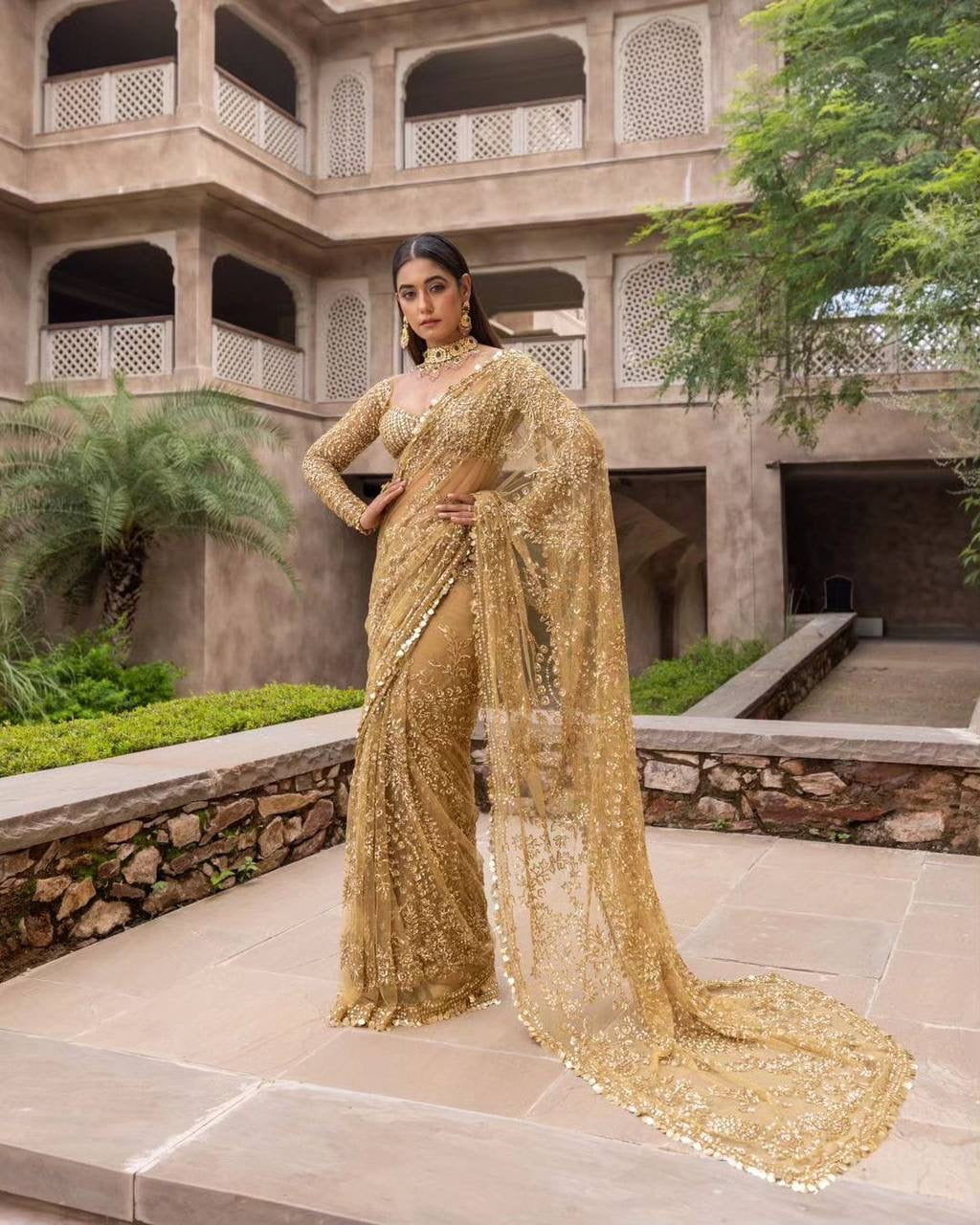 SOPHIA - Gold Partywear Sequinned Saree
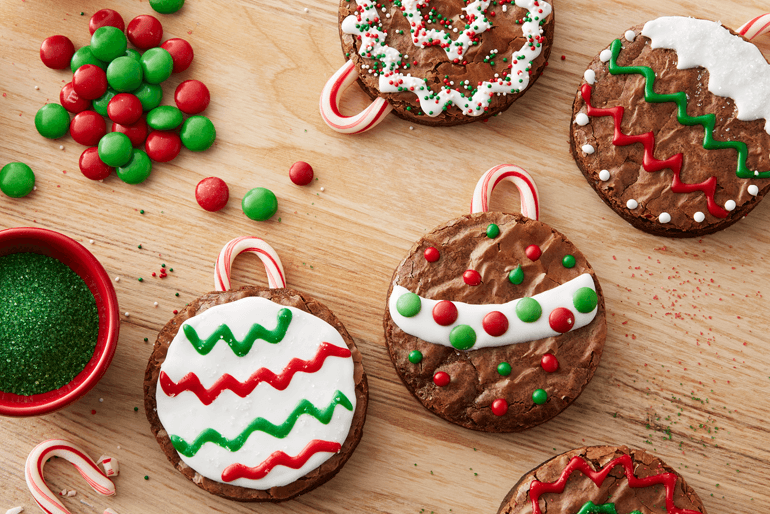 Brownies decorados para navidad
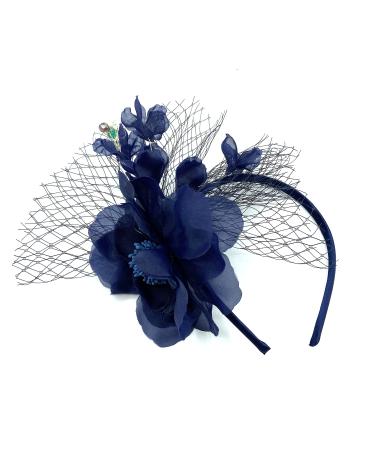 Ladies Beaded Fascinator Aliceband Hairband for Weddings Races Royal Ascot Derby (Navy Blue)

+---+

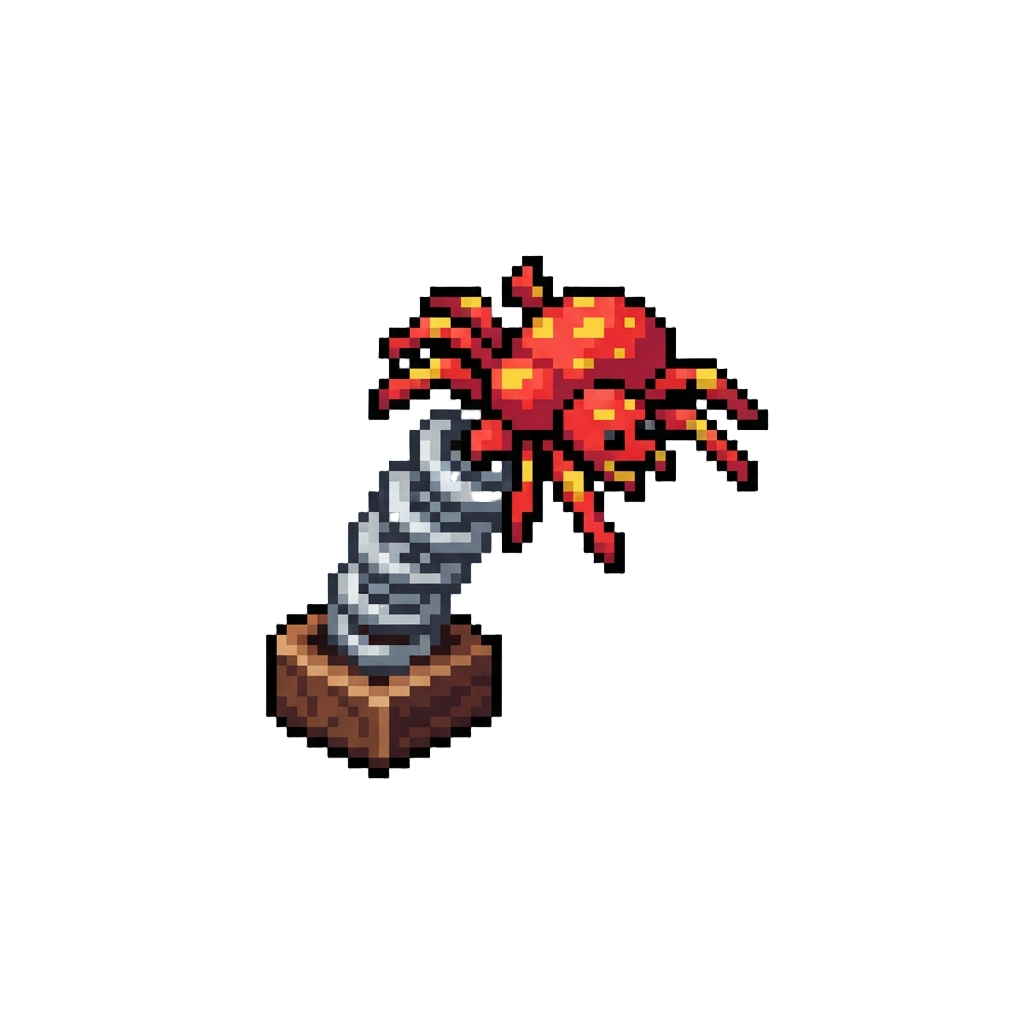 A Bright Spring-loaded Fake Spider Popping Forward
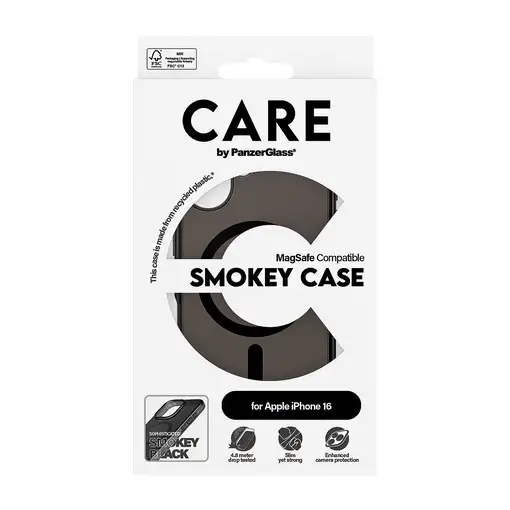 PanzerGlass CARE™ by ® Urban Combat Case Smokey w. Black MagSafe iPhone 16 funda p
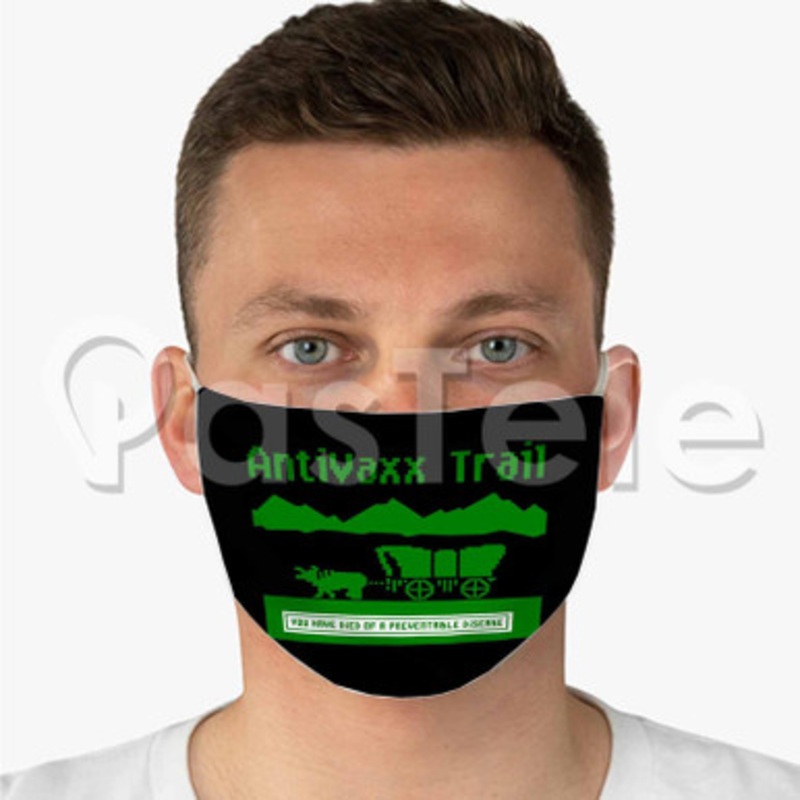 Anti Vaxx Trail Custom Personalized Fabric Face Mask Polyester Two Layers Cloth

+---+

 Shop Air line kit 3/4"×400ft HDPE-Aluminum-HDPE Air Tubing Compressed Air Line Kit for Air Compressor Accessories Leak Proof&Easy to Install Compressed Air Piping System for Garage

+---+

### TASK REQUIREMENTS
Treat the line with "Brownies decorados para navidad" as the start and the line with "Ladies Beaded Fascinator" as the end, and return exactly that span of the data above, both ends included, without pictures.

### PROBLEM SOLUTION
 Brownies decorados para navidad
 Ladies Beaded Fascinator Aliceband Hairband for Weddings Races Royal Ascot Derby (Navy Blue)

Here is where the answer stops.